ちなみに、LiSA「炎」の登場からAimer「残響散歌」までの間、ビルボードジャパンは各四半期初週のたびにチャートポリシー(集計方法)を変更しています。動画再生におけるUGC(ユーザー生成コンテンツ)のカウント除外、ダウンロードのウエイト上昇の一方でストリーミングやルックアップ、Twitterが減少、そしてフィジカルセールスのウエイトが2021年度下半期初週、2022年度初週の二度に渡り減少する措置が採られています。

フィジカルセールスのウエイト減少は厳密には係数処理適用枚数の引き下げを指すのですが(上記リンク先参照)、これが特に首位獲得曲を中心にポイントが低下した理由。Aimer「残響散歌」は、仮にLiSA「炎」初登場時のチャートポリシーがそのままだったならば1月26日公開分(1月31日付)においてジャニーズWEST「黎明」に首位の座を譲った可能性は高いでしょう。また「炎」リリース時に現在のチャートポリシーが踏襲されていたならば、同曲の10週以上の首位は堅かったはずです。

 

 

チャートポリシー変更は時代に伴う各指標の影響力の増減に応じて柔軟に行われなければいけないため、あの時のチャートポリシーだったらと仮定するのは意味のないことかもしれません。そしてLiSA「炎」そしてAimer「残響散歌」も成し遂げた8週首位が見事な記録であることは間違いありません。
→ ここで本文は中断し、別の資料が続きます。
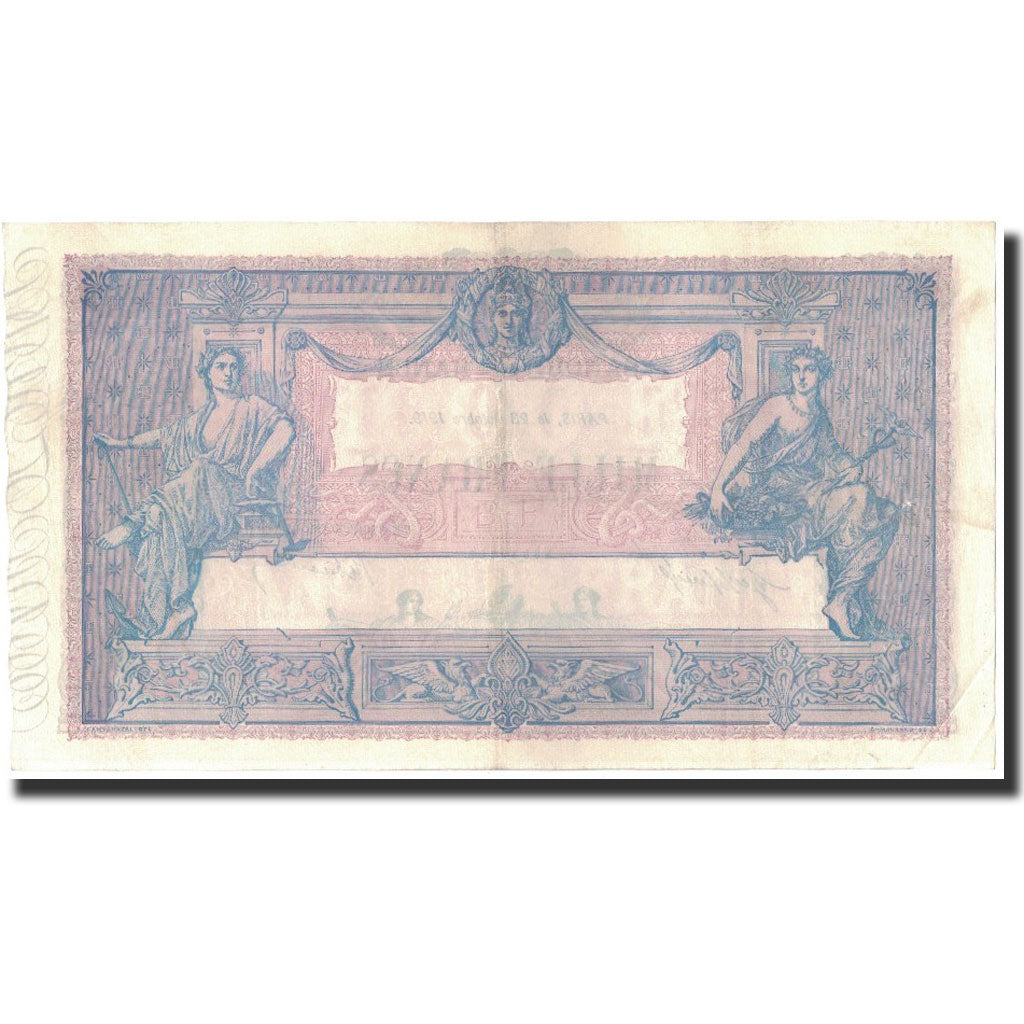 France, 1000 Francs, 1919. 10. 23, TTB+, Fayette:36.34, KM:67h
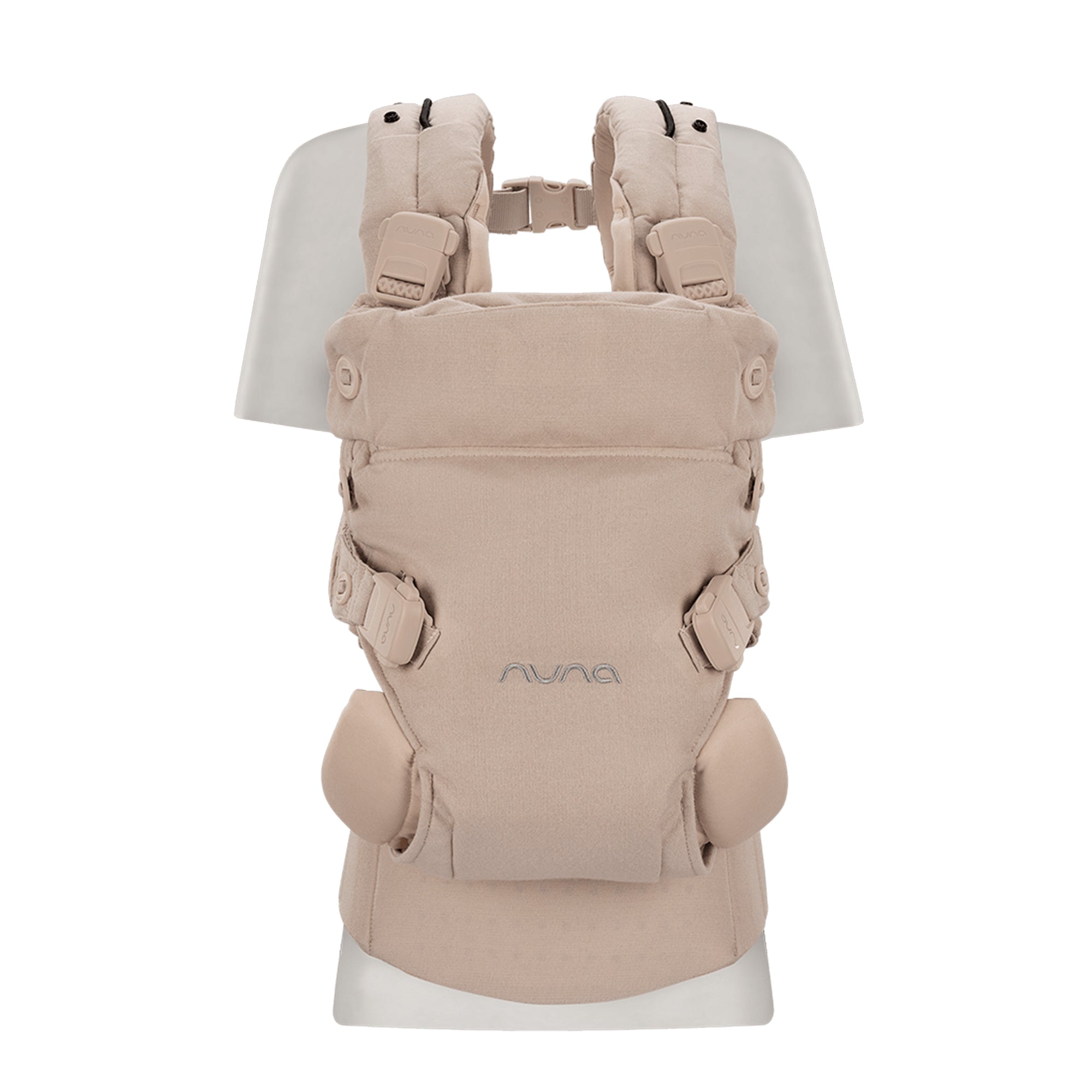 Nuna CUDL Luxe Cashmere Baby Carrier - Pearl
そのチャートポリシーに関連して、大きな動きと呼べる記事が登場しました。『認定ランク「シルバー」については、ストリーミング市場が順調に成長し、認定作品数も増加していることなどを踏まえ、2021年12月度を持って廃止する』と上記記事で記されており、シルバーすなわちストリーミング3000万回再生はヒット曲としてみなされにくくなったと言えます。これもまた時代に伴う変化です。

 

Aimer「残響散歌」が今後急落する可能性も否めないため、LiSA「炎」を首位獲得週数で上回っても総合では及ばない可能性もあります。しかしチャートポリシーの変化が続くことで過去のチャートと現在とでは比較がしにくいのが現状です。

そこでビルボードジャパンには、米ビルボードの【Greatest of All Time Hot 100 Songs】(→こちら)を踏まえた、日本でのローンチ以降のオールタイムチャートを作成してほしいと願います。それこそが時代の波に関係なくヒットした曲を知る基準に成ると言えるでしょう。

この旨は以前にも提案しています(上記ブログエントリーの⑤参照)。再来週が2022年度第2四半期初週にあたるため、チャートポリシー変更が行われる可能性も低くありません。議論のテーブルに乗せてくださることを願っています。